[Task objective]: Could you transcribe exactly the lines below, from the line with "Pack 6 Assiettes Anniv Tropical" through the line with "Fantastischer Spargelsalat mit", and nothing else, leaving out the pictures?

[Data shown]:
------------------------------
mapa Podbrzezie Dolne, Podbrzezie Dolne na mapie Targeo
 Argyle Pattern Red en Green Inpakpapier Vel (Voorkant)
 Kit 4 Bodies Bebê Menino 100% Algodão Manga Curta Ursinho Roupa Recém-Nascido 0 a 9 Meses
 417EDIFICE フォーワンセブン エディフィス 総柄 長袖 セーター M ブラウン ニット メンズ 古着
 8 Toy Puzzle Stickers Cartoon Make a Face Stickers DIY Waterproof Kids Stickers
------------------------------
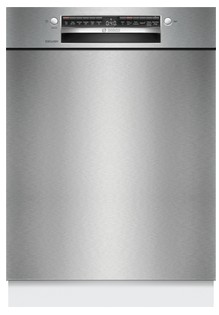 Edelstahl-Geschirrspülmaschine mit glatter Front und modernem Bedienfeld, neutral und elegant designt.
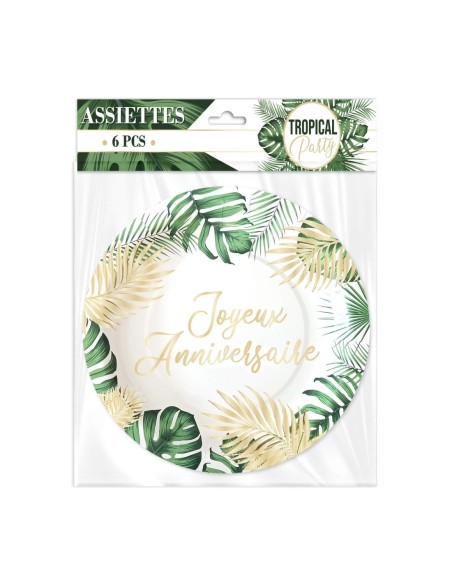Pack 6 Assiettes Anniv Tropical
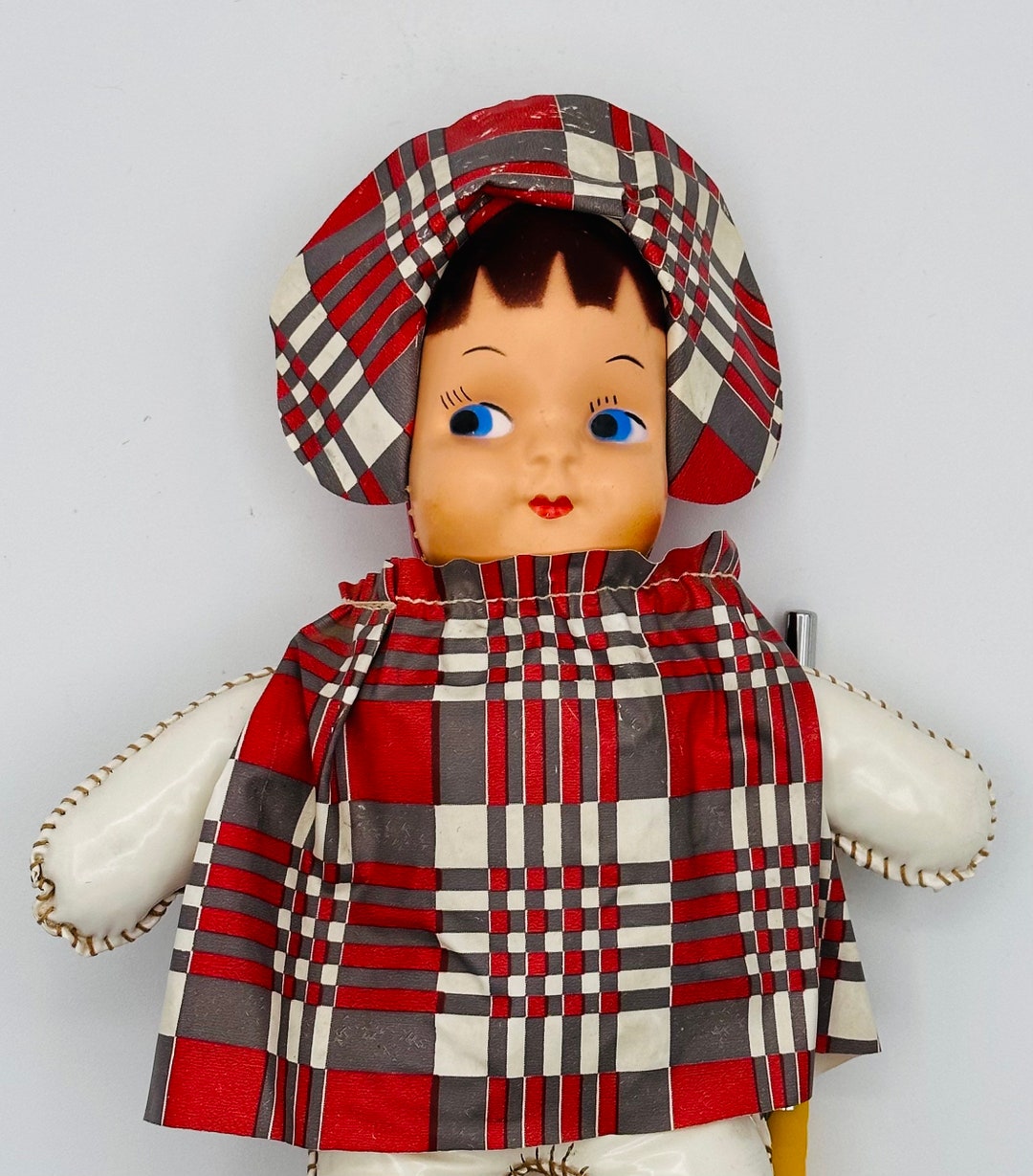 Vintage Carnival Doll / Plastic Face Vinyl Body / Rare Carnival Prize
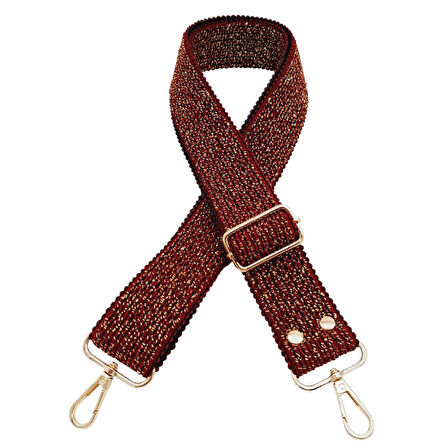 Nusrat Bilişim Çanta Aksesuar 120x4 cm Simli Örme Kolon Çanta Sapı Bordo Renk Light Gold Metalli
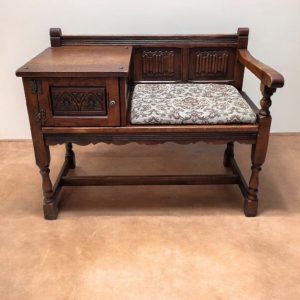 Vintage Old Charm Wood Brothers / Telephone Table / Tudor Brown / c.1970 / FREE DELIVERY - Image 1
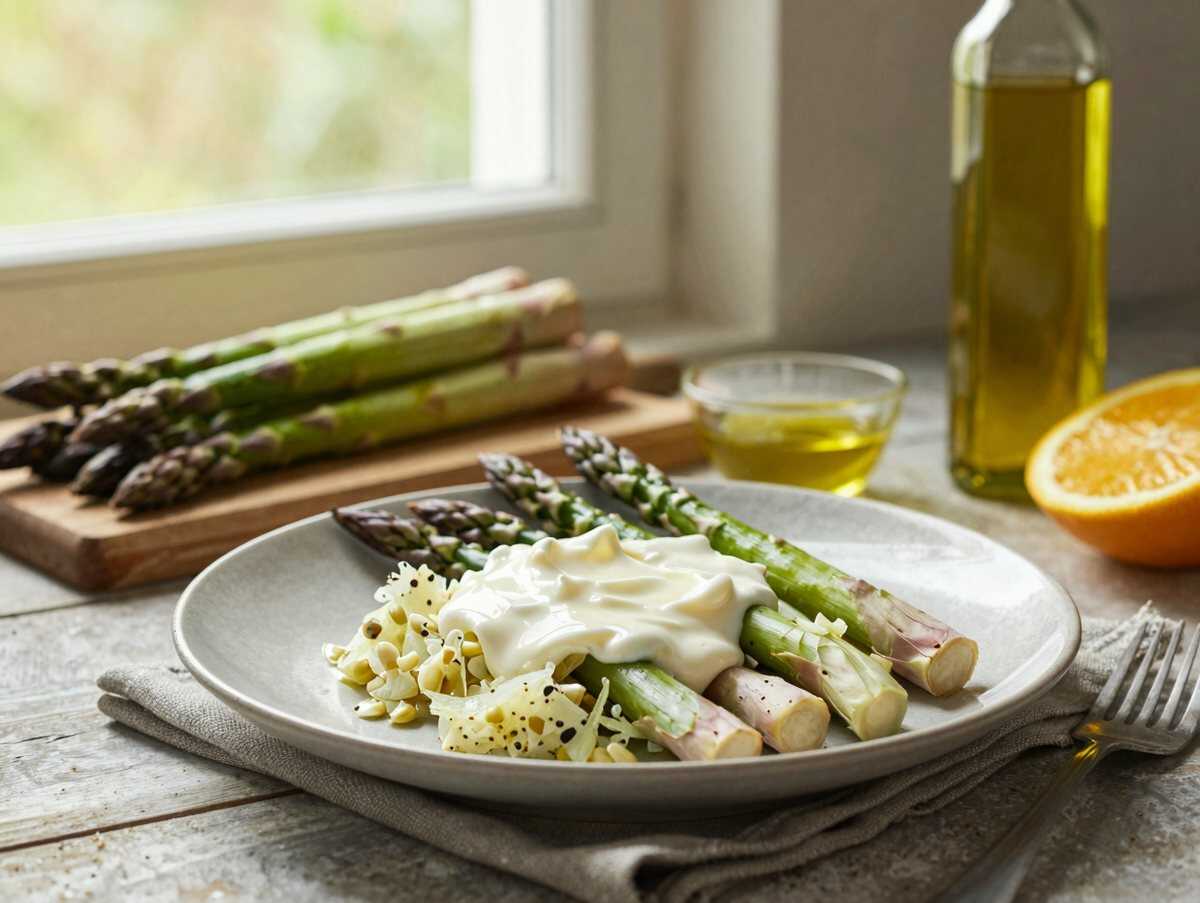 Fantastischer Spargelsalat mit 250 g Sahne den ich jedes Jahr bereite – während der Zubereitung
------------------------------
[Answer section]:
Pack 6 Assiettes Anniv Tropical
 Vintage Carnival Doll / Plastic Face Vinyl Body / Rare Carnival Prize
 Nusrat Bilişim Çanta Aksesuar 120x4 cm Simli Örme Kolon Çanta Sapı Bordo Renk Light Gold Metalli
 Vintage Old Charm Wood Brothers / Telephone Table / Tudor Brown / c.1970 / FREE DELIVERY - Image 1
 Fantastischer Spargelsalat mit 250 g Sahne den ich jedes Jahr bereite – während der Zubereitung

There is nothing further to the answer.